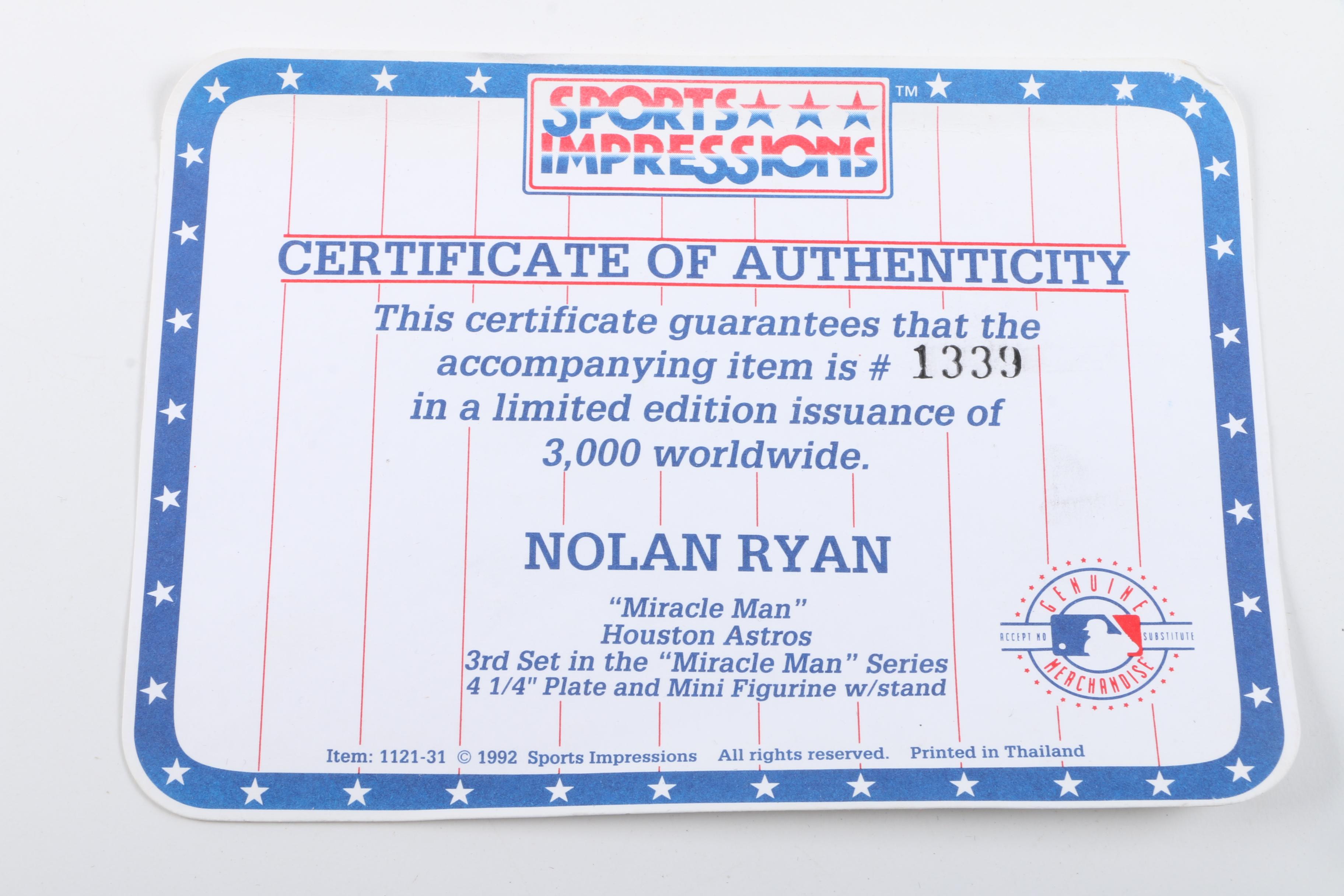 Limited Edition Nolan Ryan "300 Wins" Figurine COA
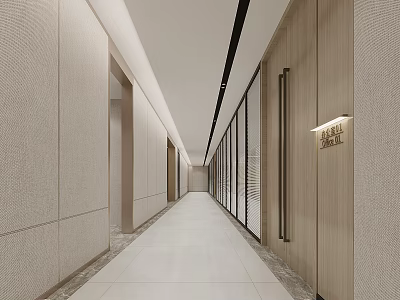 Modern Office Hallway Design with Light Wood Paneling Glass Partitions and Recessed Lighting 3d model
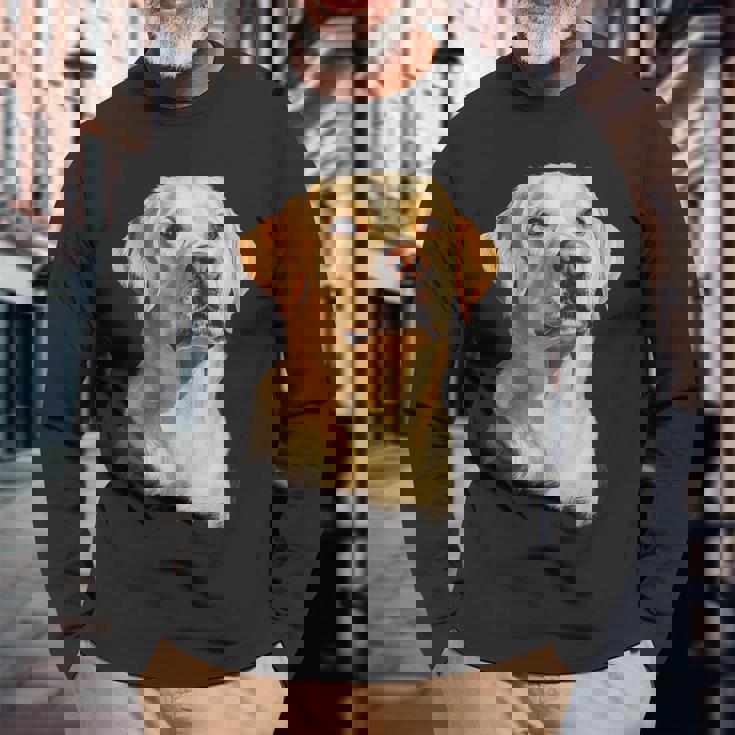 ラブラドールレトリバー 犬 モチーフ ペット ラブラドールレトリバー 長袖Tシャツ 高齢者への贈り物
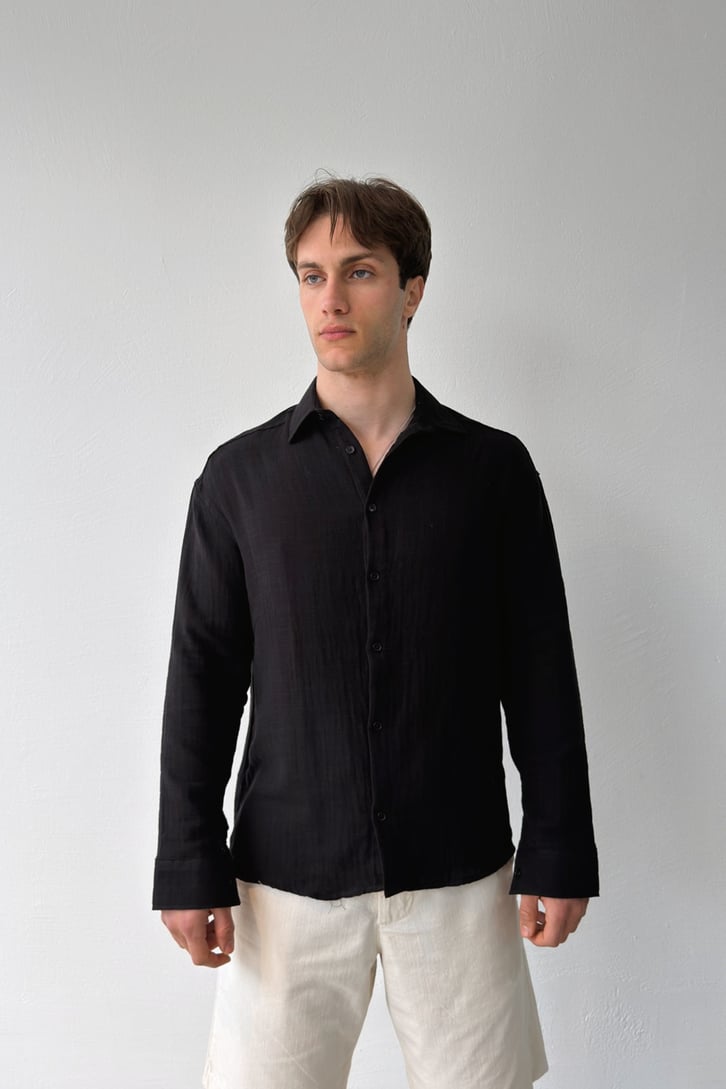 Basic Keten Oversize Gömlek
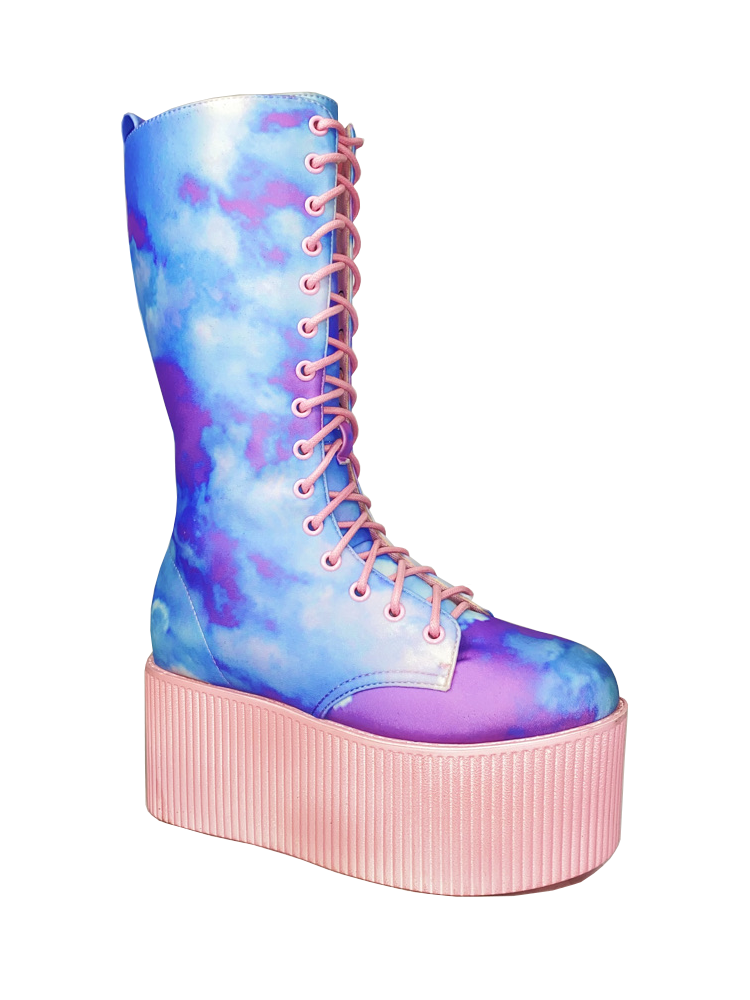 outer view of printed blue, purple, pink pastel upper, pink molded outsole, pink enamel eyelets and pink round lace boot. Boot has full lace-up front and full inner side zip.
__________
=== PROBLEM DETAILS ===
Nothing but the lines from the one that holds "Basic Keten Oversize Gömlek" through the end of the data should appear, written out exactly, without pictures.

=== SOLVED PROBLEM ===
 Basic Keten Oversize Gömlek
 outer view of printed blue, purple, pink pastel upper, pink molded outsole, pink enamel eyelets and pink round lace boot. Boot has full lace-up front and full inner side zip.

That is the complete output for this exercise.